4) Tried to build and install MongodB connector from Github (it would be great if there was one built already):


This file talks about non-existent file that should be created during package target/stratio-connector-mongodb-[VERSION]/bin/stratio-connector-mongodb-core[VERSION] start

Managed to create rpm and tried to install it into running crossdata vagrant machine but for some reason it does not install correctly.

[root@crossdata vagrant]# rpm -i stratio-connector-mongodb-0.5.0_SNAPSHOT.noarch.rpm 
cp: cannot stat `/opt/sds/stratio-connector-mongodb/template/MongoDBConnector': No such file or directory
warning: %post(stratio-connector-mongodb-0.5.0-0.1.20150718.222944.noarch) scriptlet failed, exit status 1


Parts were installed but it looks like not everything. I tried to execute

[root@crossdata vagrant]# service stratio-connector-mongodb start
stratio-connector-mongodb: unrecognized service


It looks like documentation is wrong - the service name is connector-mongodb

[root@crossdata vagrant]#  service connector-mongodb start
env: /etc/init.d/connector-mongodb: Permission denied


After fixing permissions looks like this script is referencing file that does not exit

[root@crossdata init.d]#  service connector-mongodb start
/etc/init.d/connector-mongodb: line 1: /opt/sds/stratio-connector-mongodb/bin/stratio-connector-mongodb: No such file or directory
/etc/init.d/connector-mongodb: line 1: exec: /opt/sds/stratio-connector-mongodb/bin/stratio-connector-mongodb: cannot execute: No such file or directory


Juan Jose Lopez Martin

unread,
Jul 20, 2015, 2:44:28 AM7/20/15
to crossda...@googlegroups.com
Hi,

I try to answer all your steps:

1. You're right. We have a misleading version between doc and readme.txt. We will try to resolve it asap.
2. The problem is the SparkSQLConnector is not attached. Please insert this query to attach.
ATTACH CONNECTOR SparkSQLConnector to cassandra_prod WITH OPTIONS { 'DefaultLimit' : '1000' }
3. The problem with the UPDATE is because it is not supported now with a where clause.
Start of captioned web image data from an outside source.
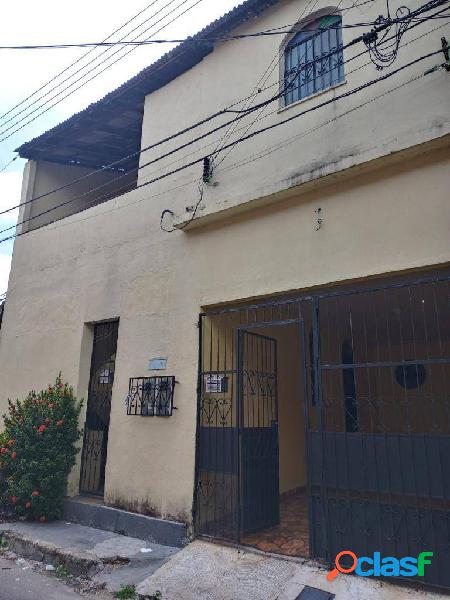 Casa 3 quartos sendo 1 Suíte Bairro Flores venda R$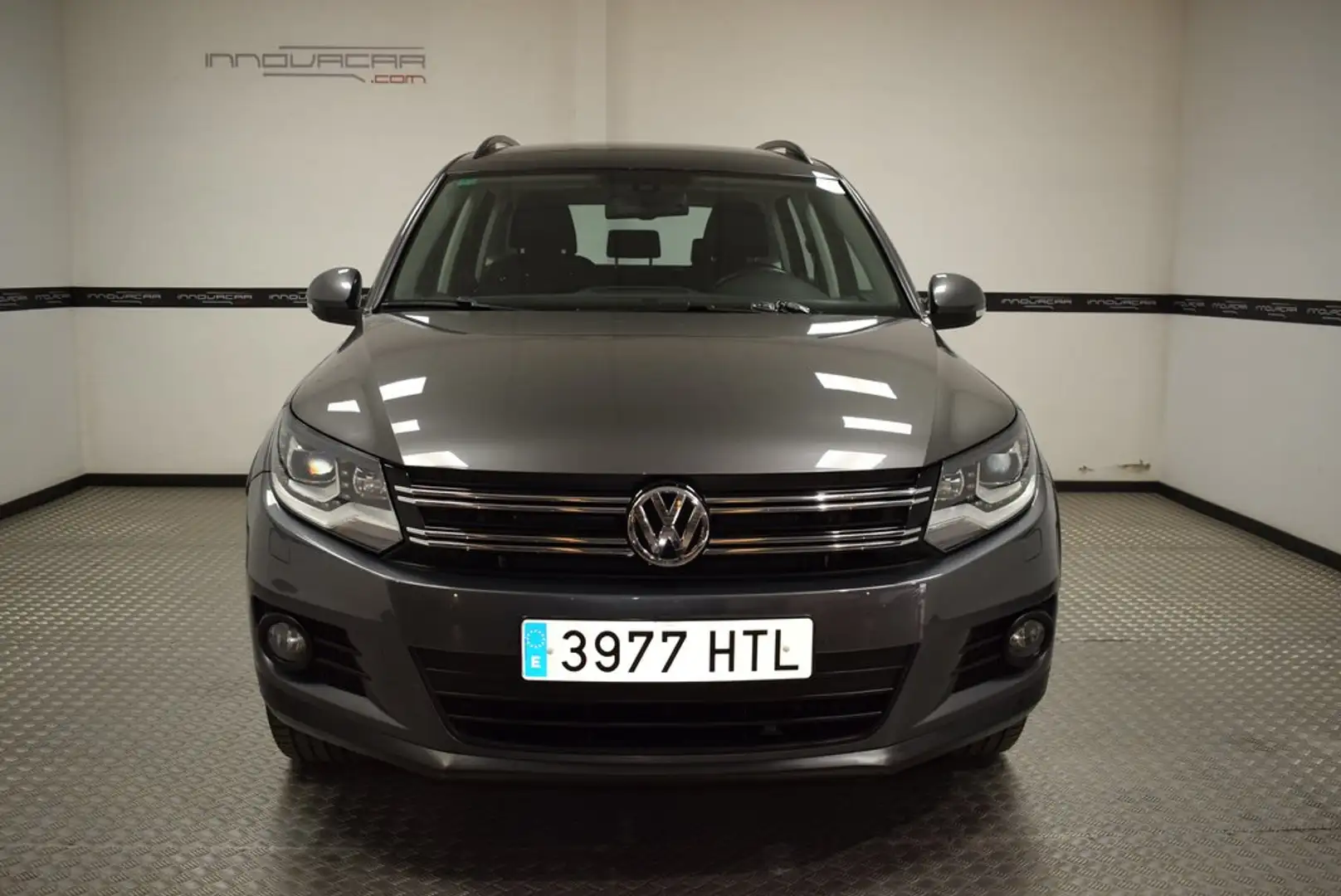 Volkswagen Tiguan 2.0 TDI 110cv 4x2 T1 BlueMotion Tech Gris - 2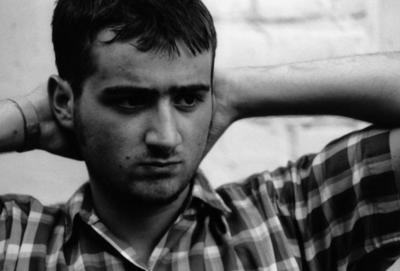 met, picture 2: oli. click on the image to go to the next picture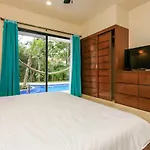 Apartamento Swim Up- 2 Bdr & 2 Bike In *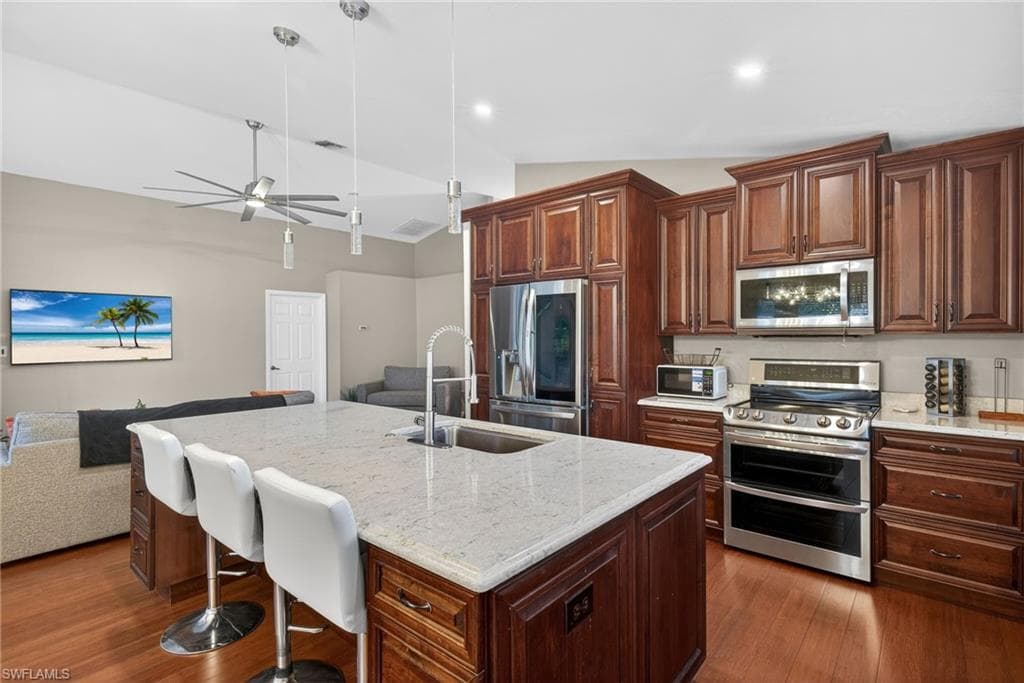 18015 Horseshoe Bay CIR-8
We are working on it.
4. Maybe the problem is about the first attach connector goes ok but it doesn't show any answer.
5. Please, put an issue into stratio-connector-mongodb github page. Another group is working with this connector and they will greated to resolved your use case with this connector.


Let me suggest you (now that you are trained with crossdata) to download latest version of Crossdata, Cassandra Connector, and SparkSQL Connector from Stratio Github (master branch). There are some bugs resolved and another new functionalities implemented.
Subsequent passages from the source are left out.